I went skydiving. 10,000 feet. Accelerated free fall. Pulled my own ripcord (and brought it back with me to the ground). Navigated my own parachute.

I saw a sunset that I've never seen before. It was fantastic.

And, yes, I would totally do it again... but not until my knee heals.

I had a great landing, but came down wrong on my left ankle and knee. So today I'm pumped up on adrenaline, ibuprofen, and the magic foursome: ice, compression, elevation and rest.

I'm sore today. But I really don't care. It was absolutely worth it. Next time I'm taking The Hater with me!

Tuesday, April 22, 2008

random factoids

It's been a while since I was tagged, so I guess it was time for this to roll around again... Today's topics are unknown, brave and stupid things. I added the stupid part myself, because all bravery has an element of stupidity required.

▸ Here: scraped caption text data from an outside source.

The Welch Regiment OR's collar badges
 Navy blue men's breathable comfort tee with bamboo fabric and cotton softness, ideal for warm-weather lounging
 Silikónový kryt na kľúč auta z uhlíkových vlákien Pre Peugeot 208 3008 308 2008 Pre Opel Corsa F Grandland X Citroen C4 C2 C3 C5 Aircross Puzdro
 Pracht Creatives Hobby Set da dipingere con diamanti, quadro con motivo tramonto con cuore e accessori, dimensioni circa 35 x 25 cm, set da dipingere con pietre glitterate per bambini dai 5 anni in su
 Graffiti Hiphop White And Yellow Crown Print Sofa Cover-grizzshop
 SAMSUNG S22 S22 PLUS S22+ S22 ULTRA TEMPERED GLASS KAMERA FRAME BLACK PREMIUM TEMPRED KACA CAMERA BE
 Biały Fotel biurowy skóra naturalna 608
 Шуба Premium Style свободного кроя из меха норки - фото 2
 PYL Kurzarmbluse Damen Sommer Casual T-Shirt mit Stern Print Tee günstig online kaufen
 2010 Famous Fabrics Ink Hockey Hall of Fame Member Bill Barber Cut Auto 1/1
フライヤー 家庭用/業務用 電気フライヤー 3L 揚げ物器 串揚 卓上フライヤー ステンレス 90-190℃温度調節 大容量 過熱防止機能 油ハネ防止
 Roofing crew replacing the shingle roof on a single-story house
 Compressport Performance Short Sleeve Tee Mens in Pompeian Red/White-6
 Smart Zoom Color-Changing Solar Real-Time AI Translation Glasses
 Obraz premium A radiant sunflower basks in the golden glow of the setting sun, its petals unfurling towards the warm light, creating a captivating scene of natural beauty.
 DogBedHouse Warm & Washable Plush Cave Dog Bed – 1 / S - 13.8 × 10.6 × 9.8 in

I don't do the whole tag someone else thing. I'm into choosing your own destiny. So. If you want to claim a tag, more power to you. If you want to steal it, even better.

5 Weird/ Unknown Things About Me
  1. I like things to be in groups of five. For example, this meme actually had a list of seven things, but that made no sense to me to follow it with a group of five things. It's only part of my slightly, yet unofficially, OCD tendencies, but it works for me.
  2. When I was a senior in high school I was voted "Band Nerd with the Most Band Spirit" with our unofficial superlatives and also received the John Phillips Sousa Award.
  3. I received a band scholarship for college. Unfortunately, that same summer there was a big hullabaloo at the school of music, money was laundered, people were fired, etc... and I never saw a penny of it.
  4. I have just mastered a new level in Rock Band where I play the guitar and sing at the same time. I've not been this excited about a stupid human trick since I learned to pat my head and rub my tummy at the same time.
  5. I still sleep with CoCo, a chocolate brown pound puppy that I received from Santa when I was in the second or third grade.
5 Bravest Things I've Ever Done (in no particular order)
  1. Moved immediately after our marriage to the middle of OK, where we didn't know a soul and were 12 hours away from our family.
  2. Low-crawled under live fire.
  3. Kept a straight, upbeat face when I dropped my c-bomb on my family.
  4. The ice bath 180 that I did from graduating with an education degree (emphasis = literature), then turning around and taking 20 hours of science and math pre-reqs.
  5. Brian Andreas is a fantastic artist, and one of his pieces, Real Hero, hits home for me. My #5 is a total steal from him:
Anyone can slay a dragon,
he told me,
but try waking up every morning
and loving the world
all over again.
That's what takes a real hero.


Wednesday, April 16, 2008

stage one

Sunday night I was feeling especially adventurous. After walking, I decided to resurrect a forgotten workout tape that focuses on abs. Sixteen something minutes of torture.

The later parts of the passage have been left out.